Organisation fonctionnelle

Le DETAIR est localisé sur la partie base aérienne militaire malienne de l’enceinte de Bamako. Les autorités maliennes ont en effet mis à notre disposition leurs locaux et les coopérants français ont beaucoup aidé au début de Serval en rendant possible les prises de contact nécessaires pour ce faire. L’intérêt de l’APOD (Aerial Point Of Debarkation) de Bamako réside dans le fait qu’il s’agit d’une plateforme capable d’accueillir tout type d’aéronef – chasseurs, transporteurs, ravitailleurs, avions de passage, etc – : la piste de 3 200 mètres permet en particulier l’arrivée des gros-porteurs. Son positionnement est par ailleurs central dans la zone AFCO (Afrique Centrale et de l’Ouest), Bamako étant l’un des pions d’un dispositif de théâtre assez large avec des moyens à N’Djamena, Niamey, Libreville, Abidjan, Dakar. Il est ainsi facile d’aller à Abidjan, N’Djamena, etc. En minimisant les ruptures de charge, nous avons ainsi optimisé l’utilisation de nos ATT (avions de transport tactique), qui, comme chacun sait, sont à bout de course. L‘avantage est d’avoir une base militaire malienne et un aéroport, ce qui est ce que l’on recherche généralement. Nous avons placé quelques contrôleurs aériens militaires à Bamako pour faire le lien avec le trafic militaire français ou donner l’alerte, ainsi qu’à Gao et à Tessalit mais dans ce cas, pour des raisons de trafic avec des fonctions de contrôle à assurer.

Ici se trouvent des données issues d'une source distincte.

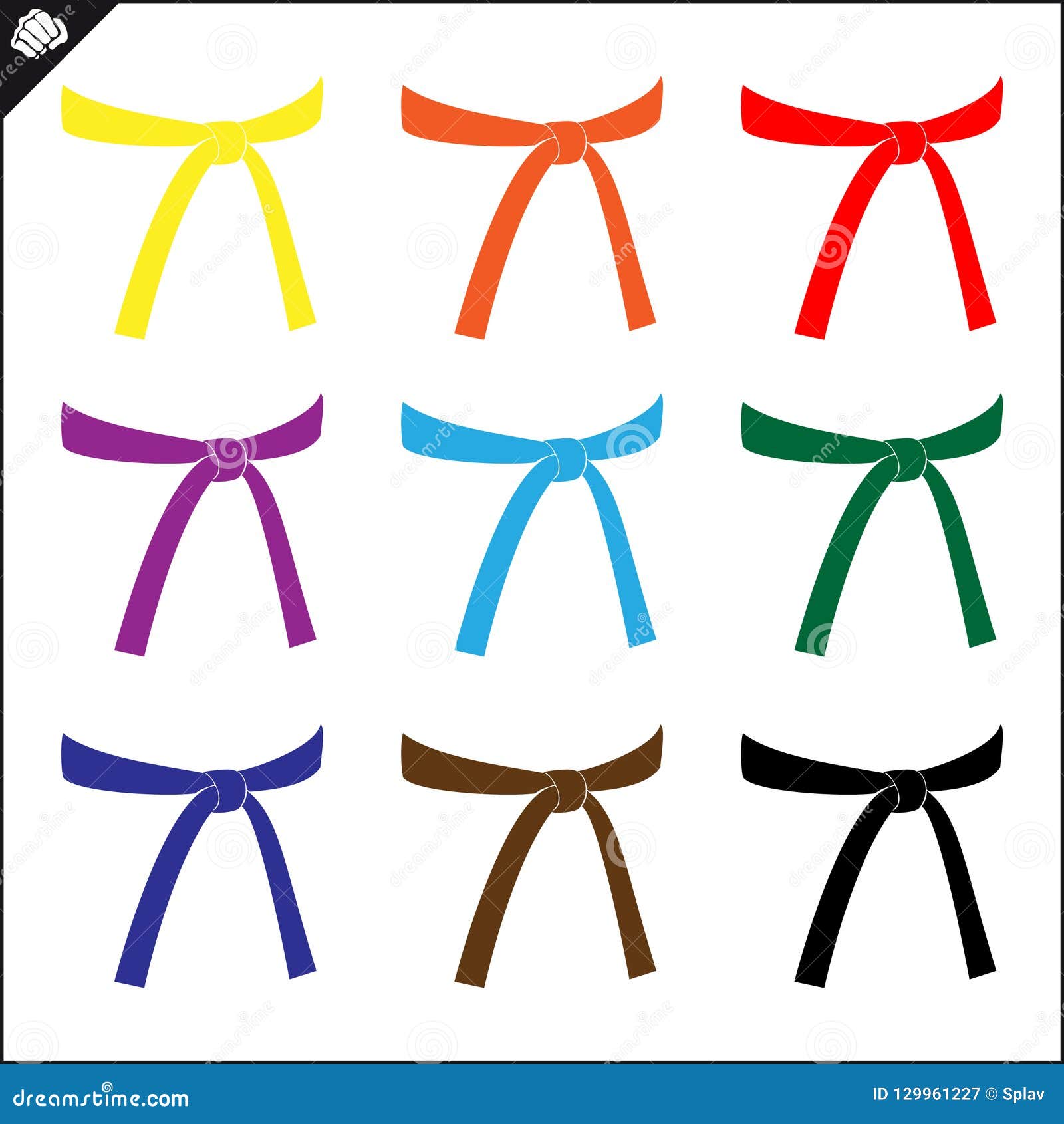 Martial Art Colored Belts Set Design. Karate Emblem Stock Vector ...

Le DETAIR est structuré, si on suit une liste fonctionnelle, en sous-détachements se déclinant de la façon suivante :

  • Un détachement chasse de Mirage 2000 D ;
  • Un détachement ravitailleur C135
  • Un détachement Transport opérationnel C160 ;
  • Un détachement force de protection avec des commandos parachutistes de l’air ;
  • Un détachement d’appui au déploiement ou à la projection avec le 25e RGA et le GAAO ;
  • Un détachement SIC avec des éléments du GT qui eux aussi sont parmi les premiers à arriver en déploiement et qui nous lient H24 avec les structures C2 ;
  • Un petit détachement de contrôle aérien et les pompiers, ces derniers contribuant par ailleurs à la formation des Maliens ;
  • Un détachement de transit aérien, le DETIA ou l’« escale » ;
  • Et enfin, la structure de commandement ramassée constituée d’une dizaine de personnes mettant tout cela en mouvement.

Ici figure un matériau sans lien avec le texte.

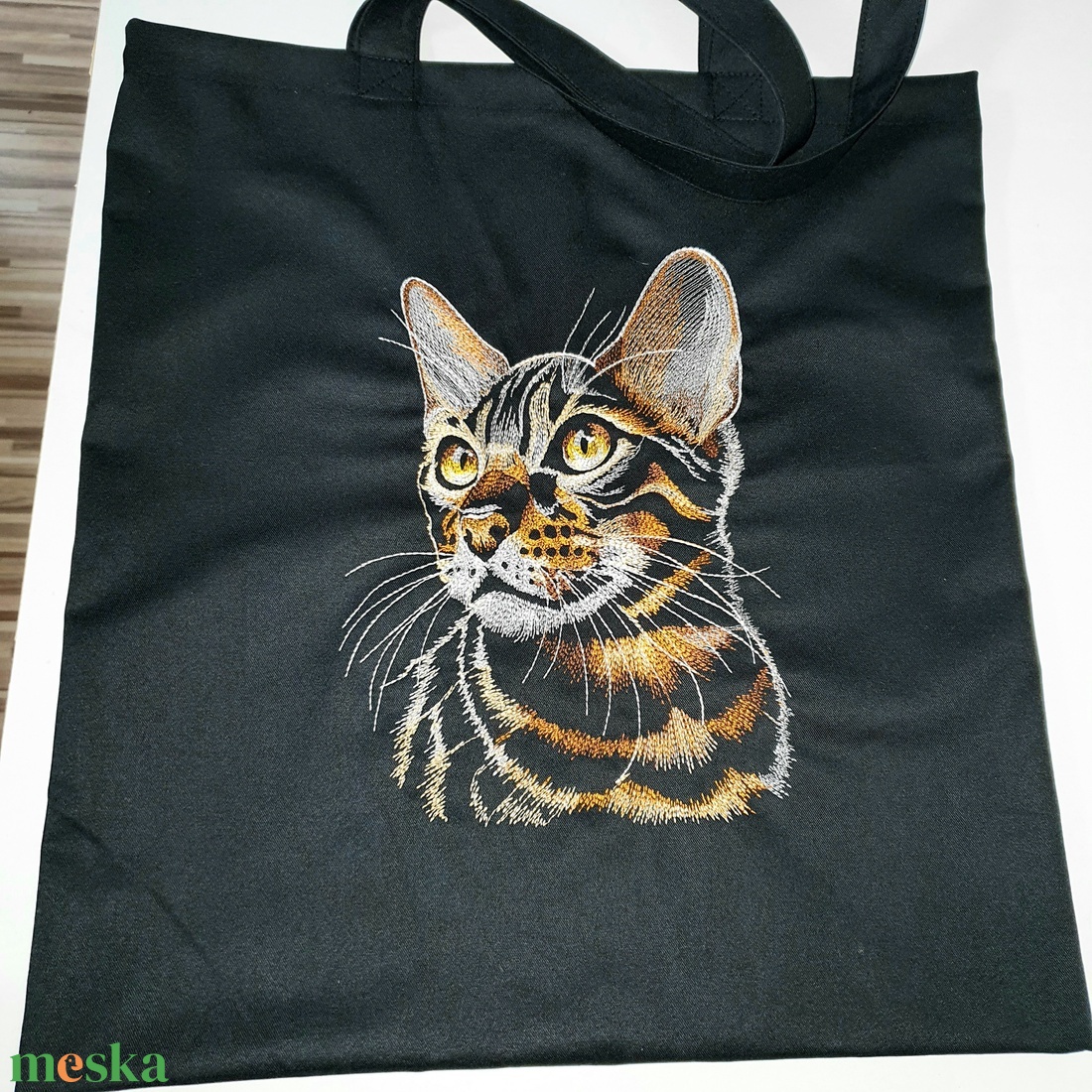 Bengáli cica hímzett vászontáska  - táska & tok - bevásárlás & shopper táska - kenyeres zsák - Meska.hu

À noter en termes de force de protection que la sécurité de l’APOD dépend d’un dispositif en plusieurs couches un peu nouveau, puisqu’il inclut, en plus des mesures physiques mises en place aux points d’entrée, des patrouilles dynamiques à l’intérieur de l’enceinte, mais aussi à l’extérieur. Ce sont ces missions PATEX, patrouilles à l’extérieur, qui sont nouvelles et permettent de sécuriser la zone voisine de l’aérodrome : elles ont grandement contribué à la recherche du renseignement. Le dispositif n’a pas vocation à occuper le terrain, mais à le dominer en empêchant l’action d’éléments hostiles isolés, donner l’alerte en cas de danger, identifier les éventuels axes d’infiltration, les zones de menace de tirs indirects, les zones propices aux tirs sol air lors des phases sensibles d’atterrissage et de décollage. Ce travail de renseignement est mené en collaboration avec la cellule renseignement, la DPSD, la gendarmerie ; l’idée est d’avoir un contact étroit avec les autorités locales et la population en nouant un climat de confiance. Ces patrouilles incluent de fait systématiquement des gendarmes maliens qui font partie de la patrouille. Les CPA sont polyvalents en ce sens que le CPA est donc sur la mission PATEX, mais peut aussi générer la chaîne d’appui aérien (les CTA et les FAC) ; le CPA assure  les patrouilles dynamiques à l’intérieur de l’enceinte, mais a aussi son secteur d’excellence à savoir les opérations de RESCO PR (récupération des équipages). Ce dispositif est très intéressant en ce sens qu’il évite un côté trop statique et donne plus de profondeur et de dynamisme.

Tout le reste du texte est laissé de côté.